*** Material supplied Section Begins ***
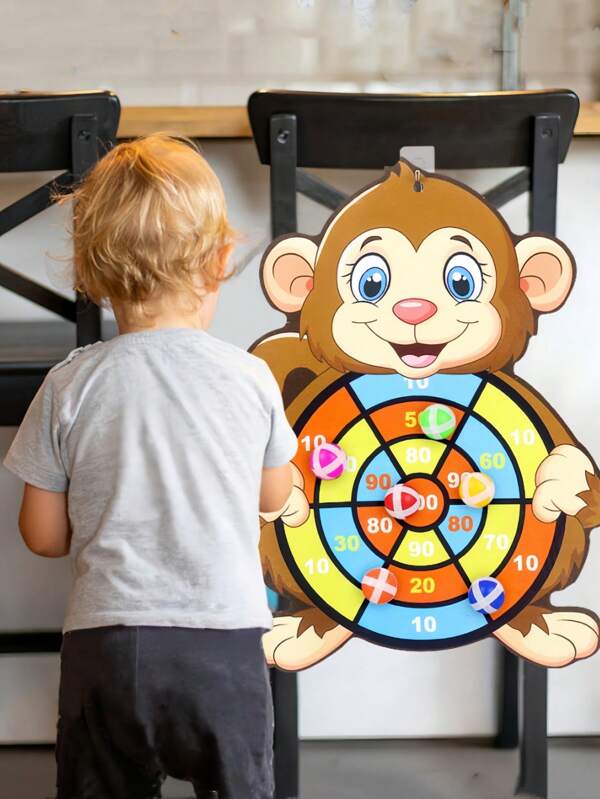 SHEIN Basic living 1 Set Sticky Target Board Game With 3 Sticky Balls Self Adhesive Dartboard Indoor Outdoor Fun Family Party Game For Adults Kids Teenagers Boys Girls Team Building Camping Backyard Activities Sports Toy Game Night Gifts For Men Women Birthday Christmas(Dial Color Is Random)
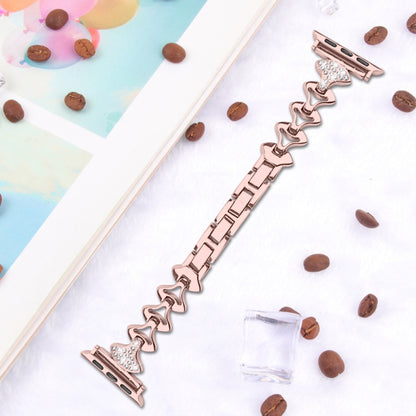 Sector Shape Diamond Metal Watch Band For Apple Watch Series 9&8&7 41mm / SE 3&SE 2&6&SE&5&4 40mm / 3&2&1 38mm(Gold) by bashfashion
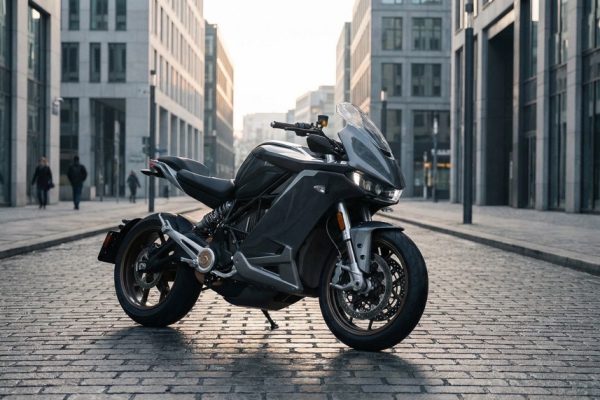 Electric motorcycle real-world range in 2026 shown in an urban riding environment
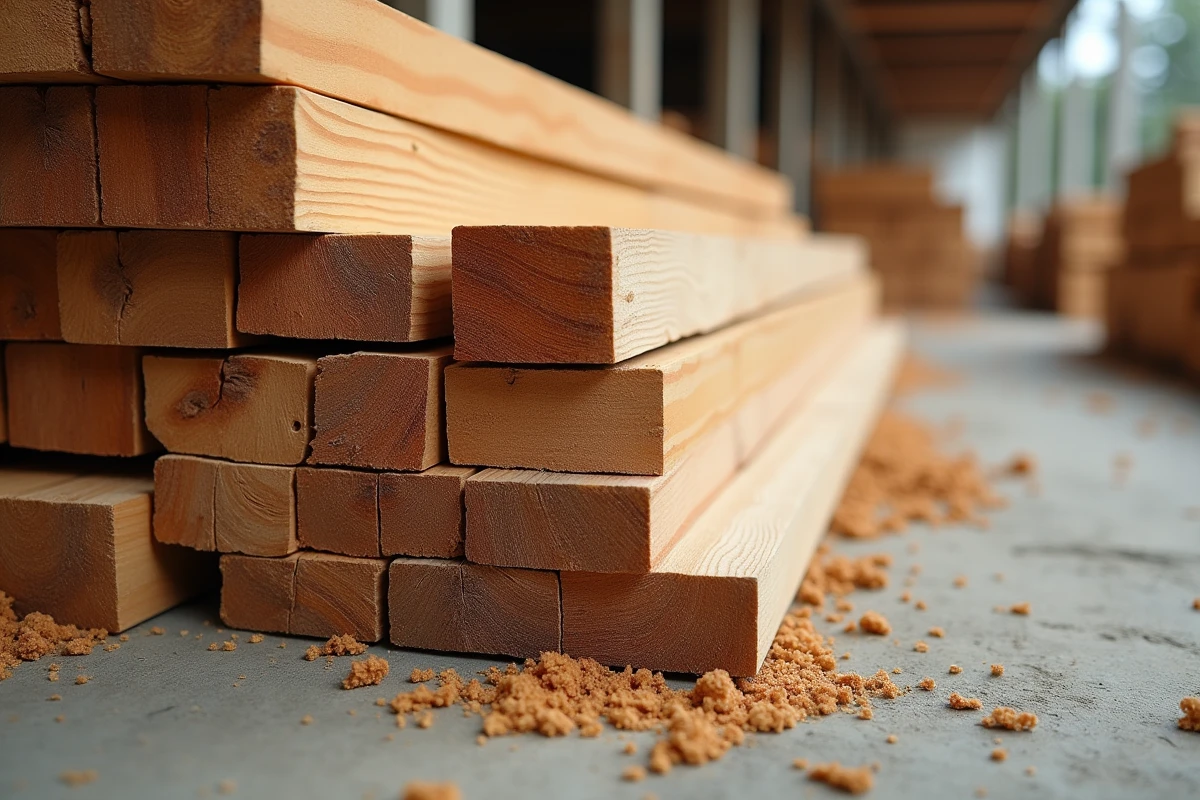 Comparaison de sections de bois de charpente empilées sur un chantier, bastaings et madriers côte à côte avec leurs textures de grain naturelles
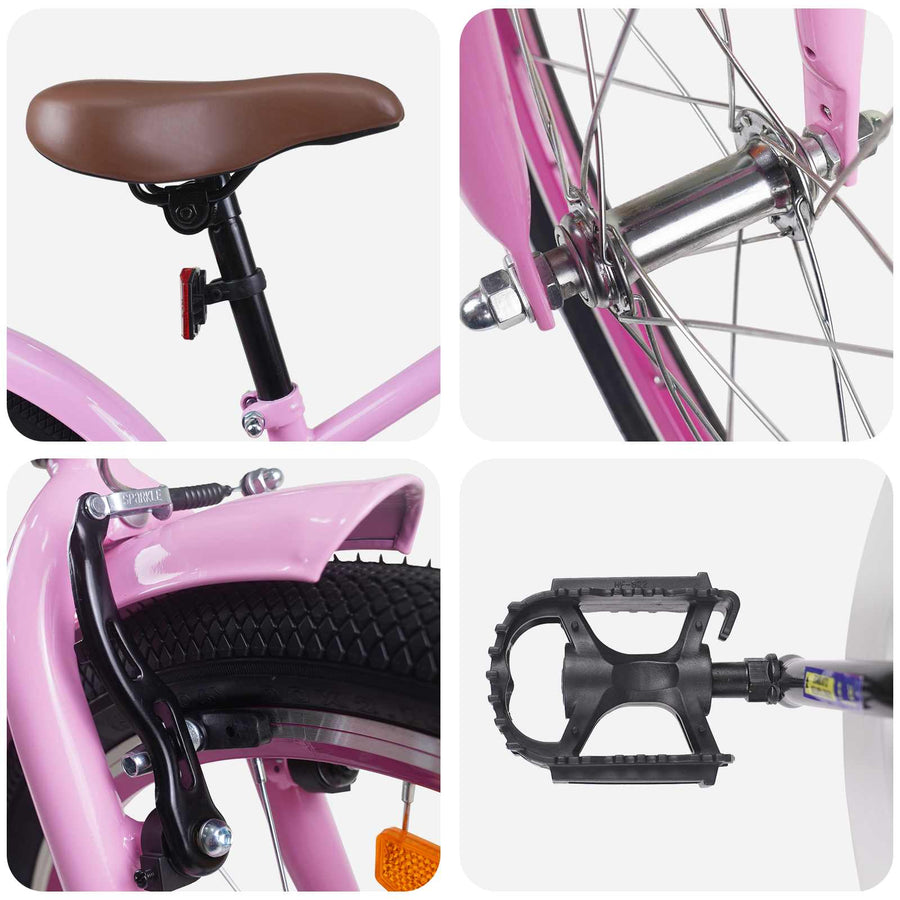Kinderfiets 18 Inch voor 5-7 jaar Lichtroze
*** Material supplied Section Ends ***
*** Material supplied Section Begins ***
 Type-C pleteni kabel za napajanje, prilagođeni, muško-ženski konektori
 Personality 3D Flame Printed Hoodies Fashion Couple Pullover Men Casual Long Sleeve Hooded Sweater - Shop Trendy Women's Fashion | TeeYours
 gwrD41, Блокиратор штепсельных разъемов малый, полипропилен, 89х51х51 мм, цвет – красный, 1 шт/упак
*** Material supplied Section Ends ***
Exercise: How would the lines above read from the one with "SHEIN Basic living" to the one with "Sector Shape Diamond", inclusive, with no pictures? Write them out exactly.

Answer to this problem:
 SHEIN Basic living 1 Set Sticky Target Board Game With 3 Sticky Balls Self Adhesive Dartboard Indoor Outdoor Fun Family Party Game For Adults Kids Teenagers Boys Girls Team Building Camping Backyard Activities Sports Toy Game Night Gifts For Men Women Birthday Christmas(Dial Color Is Random)
 Sector Shape Diamond Metal Watch Band For Apple Watch Series 9&8&7 41mm / SE 3&SE 2&6&SE&5&4 40mm / 3&2&1 38mm(Gold) by bashfashion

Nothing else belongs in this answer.